# Data Engineering Pipelines and Batch Jobs

Scaling Promethium for production data processing.

**Prerequisites:** Experience with notebooks 01-05

**Topics:** Batch processing, parallel execution, result management

In [None]:
# !pip install promethium-seismic==1.0.3

In [None]:
import promethium
from promethium import (
    generate_synthetic_traces,
    add_noise,
    bandpass_filter,
    evaluate_reconstruction,
    set_seed,
)

import numpy as np
import os
import json
from datetime import datetime
from concurrent.futures import ProcessPoolExecutor, as_completed
from tqdm import tqdm

set_seed(42)
print(f"Promethium {promethium.__version__}")

## 1. Batch Processing Framework

In [None]:
def process_single_dataset(data, config):
    """Process a single dataset with given configuration."""
    # Preprocessing
    processed = np.array([
        bandpass_filter(t, config['lowcut'], config['highcut'], config['fs'])
        for t in data
    ])
    
    # Recovery (simplified)
    from scipy.ndimage import gaussian_filter1d
    result = np.array([gaussian_filter1d(t, sigma=config.get('sigma', 2)) for t in processed])
    
    return result

def batch_process(datasets, config, output_dir):
    """Process multiple datasets."""
    os.makedirs(output_dir, exist_ok=True)
    results = []
    
    for i, data in enumerate(tqdm(datasets, desc="Processing")):
        result = process_single_dataset(data, config)
        
        # Save result
        output_path = os.path.join(output_dir, f'result_{i:04d}.npy')
        np.save(output_path, result)
        
        results.append({
            'index': i,
            'input_shape': data.shape,
            'output_path': output_path
        })
    
    return results

## 2. Generate Test Datasets

In [None]:
# Create multiple test datasets
n_datasets = 5
datasets = []

for i in range(n_datasets):
    clean, _ = generate_synthetic_traces(n_traces=50, n_samples=256, seed=42+i)
    noisy = add_noise(clean, noise_level=0.3, seed=42+i)
    datasets.append(noisy)

print(f"Created {len(datasets)} datasets")
print(f"Each dataset: {datasets[0].shape}")
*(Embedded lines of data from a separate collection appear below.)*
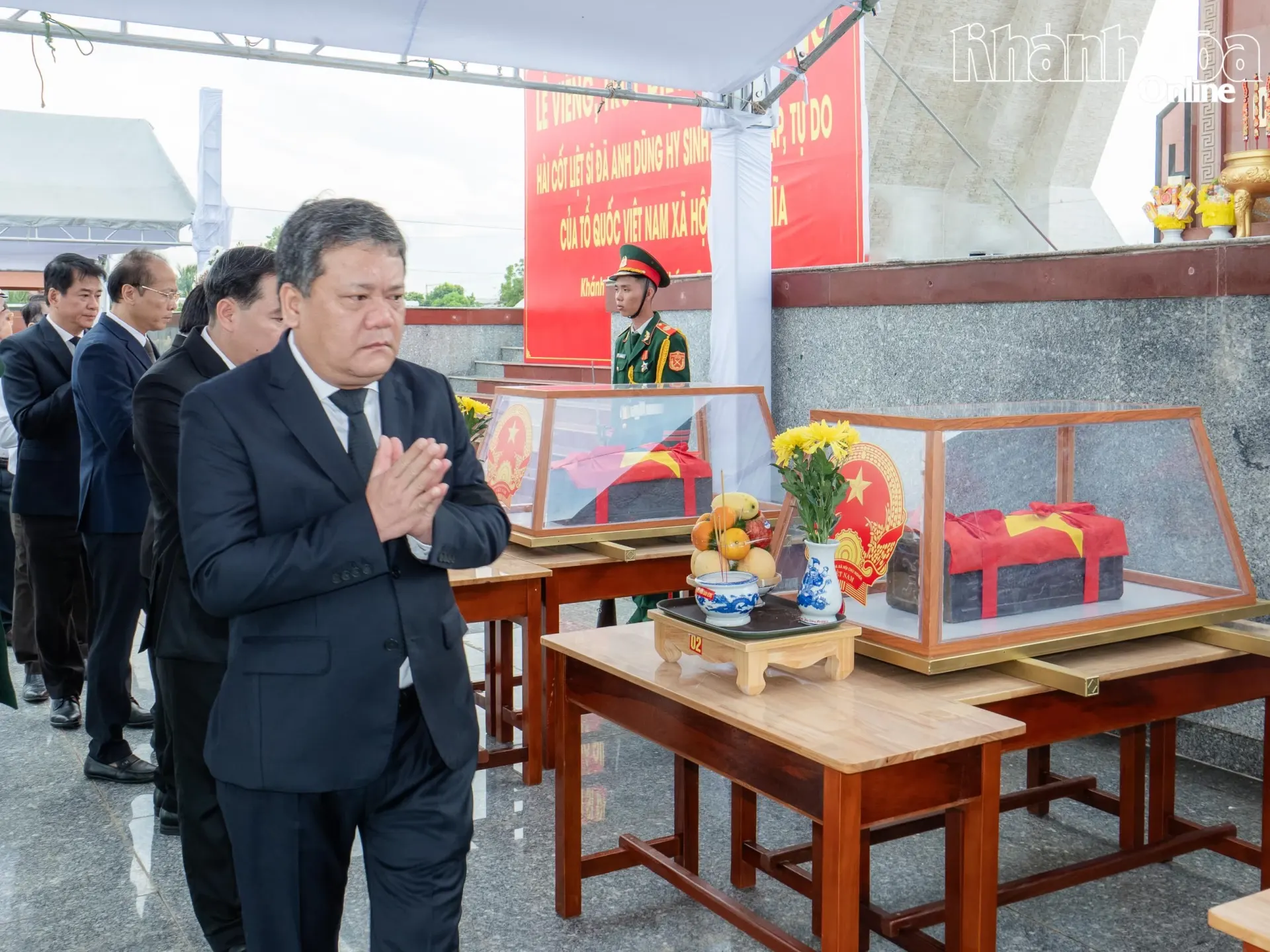 Bí thư Tỉnh ủy Trần Phong thành kính tưởng nhớ anh linh các anh hùng liệt sĩ.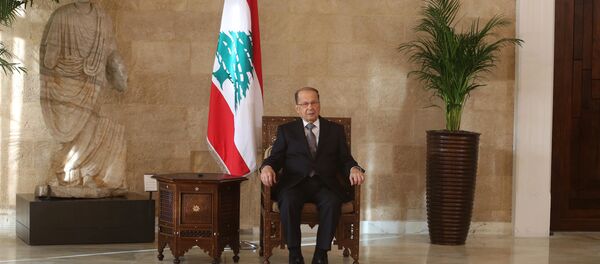 Newly elected Lebanese president Michel Aoun sits on the president's chair inside the presidential palace in Baabda - Sputnik Mundo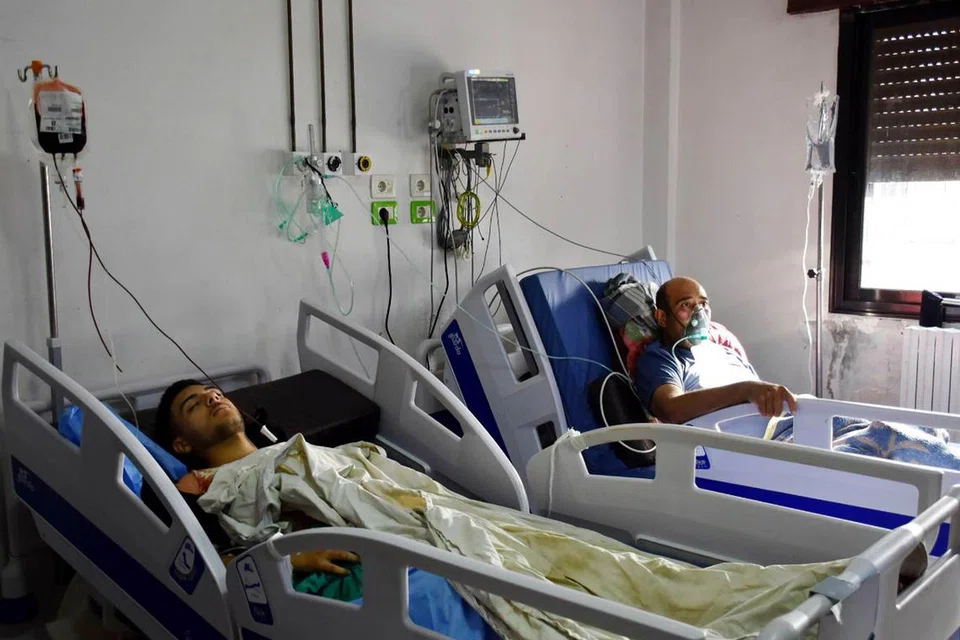 MANGSA SERANGAN: Dua mangsa yang sedang menjalani rawatan di hospital adalah di antara 240 yang cedera dalam serangan dron ke atas akademi tentera di Homs, Syria, pada Rabu. 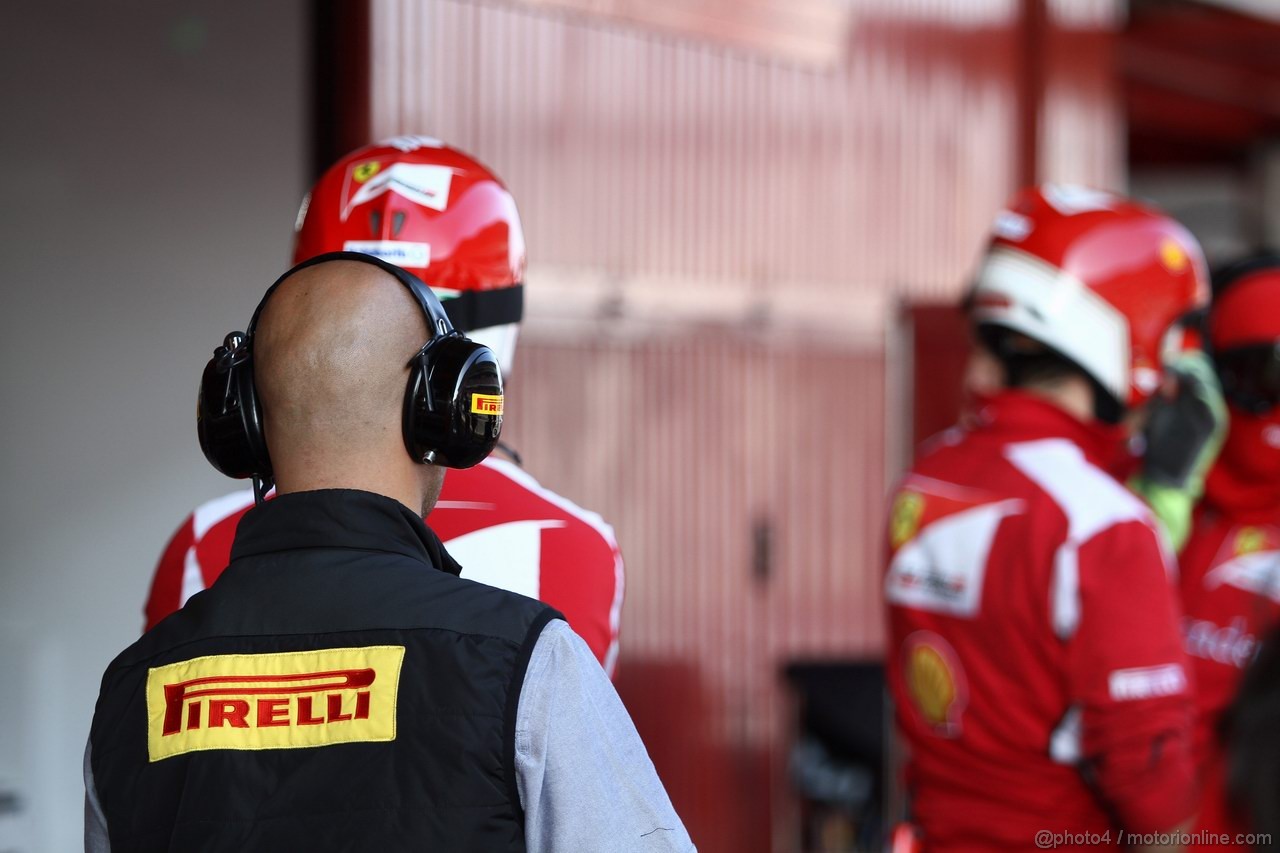 Barcelona Test Marzo 2012, 01.04.2012 Pirelli staff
## 3. Run Batch Processing

In [None]:
config = {
    'lowcut': 2.0,
    'highcut': 80.0,
    'fs': 250.0,
    'sigma': 2.0
}

output_dir = './batch_output'
results = batch_process(datasets, config, output_dir)

print(f"\nProcessed {len(results)} datasets")
for r in results:
    print(f"  {r['output_path']}")

## 4. Result Management

In [None]:
# Save processing manifest
manifest = {
    'timestamp': datetime.now().isoformat(),
    'config': config,
    'n_datasets': len(results),
    'outputs': results
}

manifest_path = os.path.join(output_dir, 'manifest.json')
with open(manifest_path, 'w') as f:
    json.dump(manifest, f, indent=2)

print(f"Manifest saved to: {manifest_path}")

In [None]:
# Load and aggregate results
all_results = []
for r in results:
    data = np.load(r['output_path'])
    all_results.append(data)

stacked = np.stack(all_results)
print(f"Aggregated shape: {stacked.shape}")

## 5. Parallel Processing Example

In [None]:
# Note: Parallel processing works best for independent datasets
print("Parallel Processing Pattern:")
print("""
from concurrent.futures import ProcessPoolExecutor

def process_one(args):
    idx, data, config = args
    result = process_single_dataset(data, config)
    return idx, result

with ProcessPoolExecutor(max_workers=4) as executor:
    futures = [executor.submit(process_one, (i, d, config)) 
               for i, d in enumerate(datasets)]
    
    for future in as_completed(futures):
        idx, result = future.result()
        np.save(f'output_{idx}.npy', result)
""")

## Summary

This notebook covered:
1. Batch processing framework
2. Result persistence
3. Manifest management
4. Parallel processing patterns